Yet on her drive back to the art gallery, alone in the dark, she admitted fibbing to herself.
She might not have touched Garrett, but she’d thought about it.
She might not have taken his personal comments seriously, but her heartbeat had been galloping like a young girl’s.
She might not have done anything wrong, but her disloyalty to Reed was still real. And wrong.
Most of the time she lived at her parents’ house, where she had a private suite of rooms on the second floor. Often enough, though, she worked late at the gallery and then just stayed in town. Tonight it was already too late to drive home, so she let herself in the back door of Color and slipped off her shoes.
Several years before, she’d converted a small anteroom off the first floor into a home away from home. She kept books, cosmetics, several changes of clothes there, but the room had slowly been filling up with the oddest assortment of treasures. A two-centuries-old Chinese desk, candles wrapped in a necklace of amethysts, a white fur rug by the bed, a narrow Louis XIV mirror…She shook her head at the wild assortment often enough. They were things she loved, but they certainly didn’t represent any standard decorating style. The silliest of all was a framed sign-Shall We Dance in the Kitchen?-that meant nothing at all, except that sometimes she wished she were that whimsical and romantic. Or that she could be.
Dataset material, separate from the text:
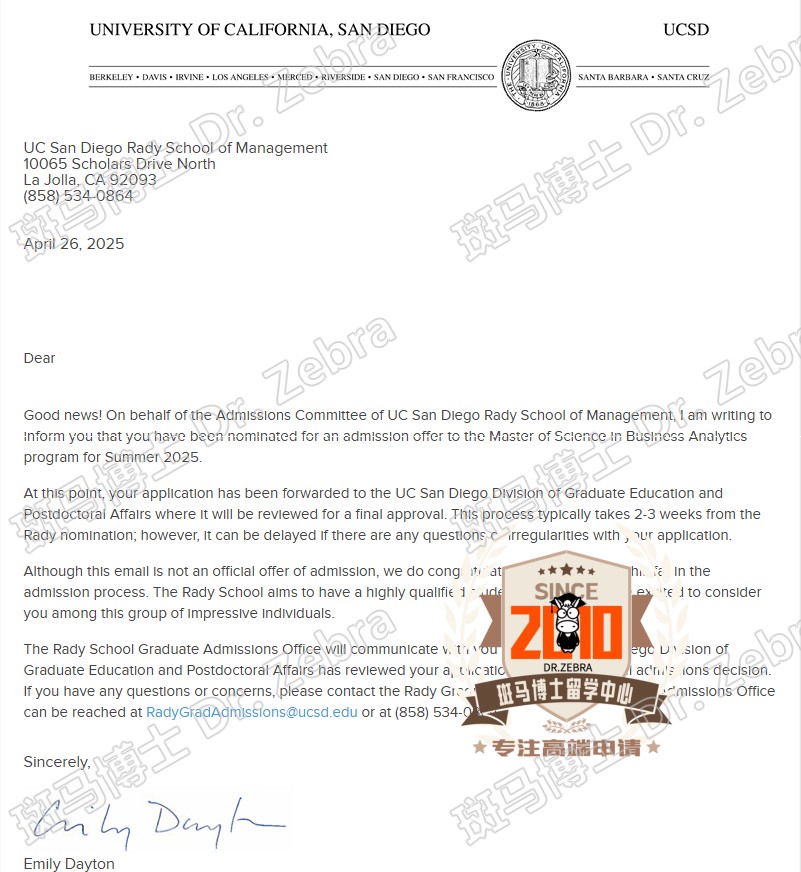 斑马博士，斑马博士留学中心，加利福尼亚大学圣迭戈分校，University of California, San Diego（UCSD），Master of Science in Business Analytics，商业分析硕士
Plunking down on the bed, she kicked off her shoes and phoned her parents to let them know she’d be staying in town, then got ready for bed and switched off the light. She was beat, yet somehow she lay there for hours, staring at the film of white curtains whispering in the window. Garrett refused to leave her mind.
It made no sense. He was the wrong man. Reed was the right man, the man she was supposed to be marrying. So why couldn’t she stop Garrett from haunting every corner of her thoughts?